Assigned task> Output the listing verbatim, leaving out every picture.

Given information>
::::

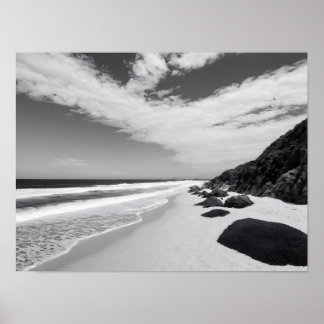 Poster Ondas do Oceano Rochoso Preto e Branco Paisagem Ma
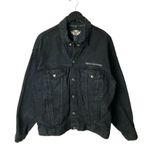 Harley Davidson Vintage Embossed Eagle Denim Jacket USA Made Motorcycles Adult M Photo 0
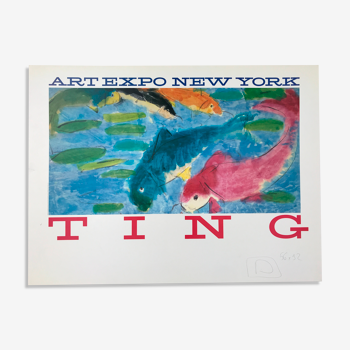 Art poster after Walasse TING, Springwind over the lake / Art expo New-York, 1989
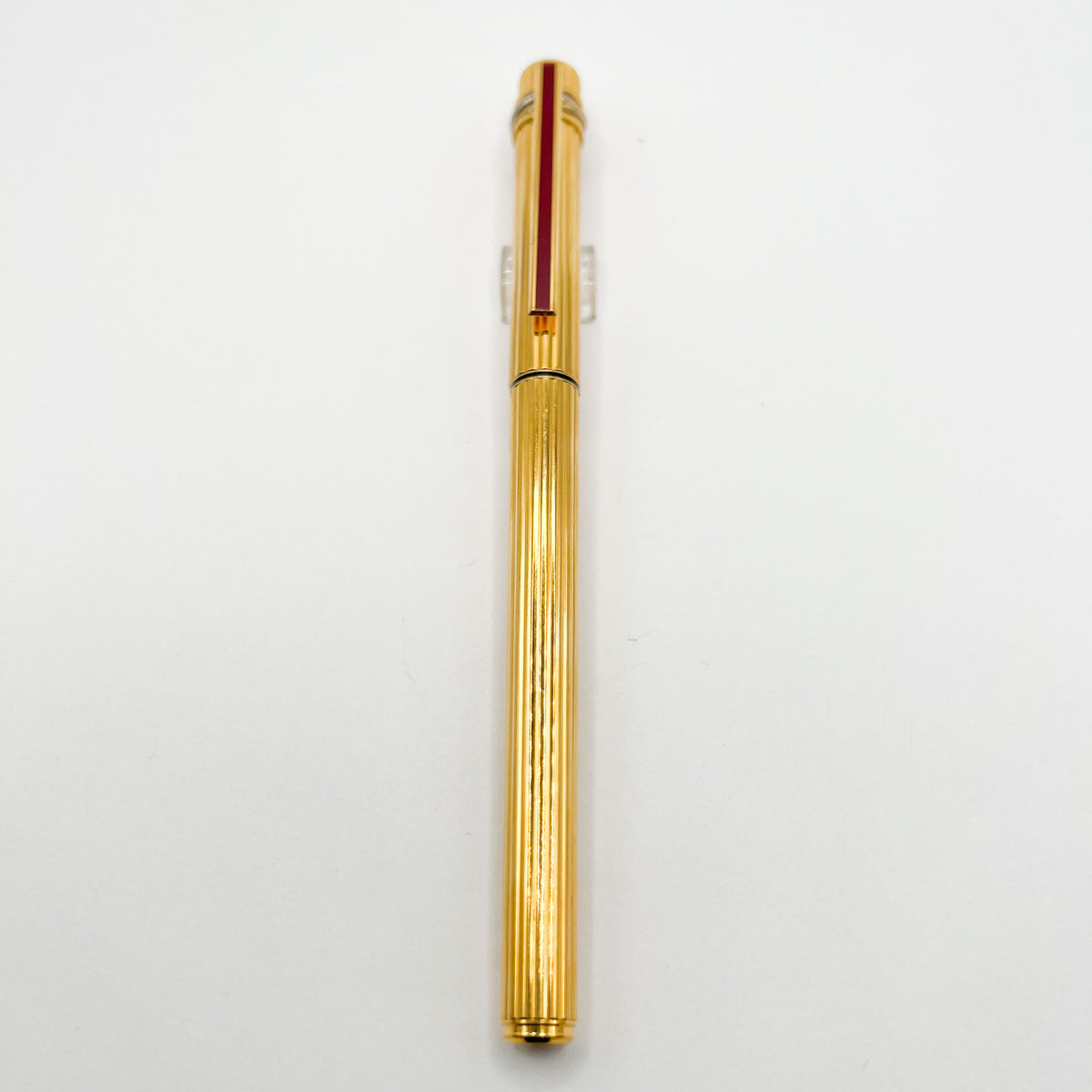 Cartier  Gold-Plated Fluted Must de Cartier Fountain Pen - Medium 18kt Gold Nib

::::

Reply>
 Poster Ondas do Oceano Rochoso Preto e Branco Paisagem Ma
 Harley Davidson Vintage Embossed Eagle Denim Jacket USA Made Motorcycles Adult M Photo 0
 Art poster after Walasse TING, Springwind over the lake / Art expo New-York, 1989
 Cartier  Gold-Plated Fluted Must de Cartier Fountain Pen - Medium 18kt Gold Nib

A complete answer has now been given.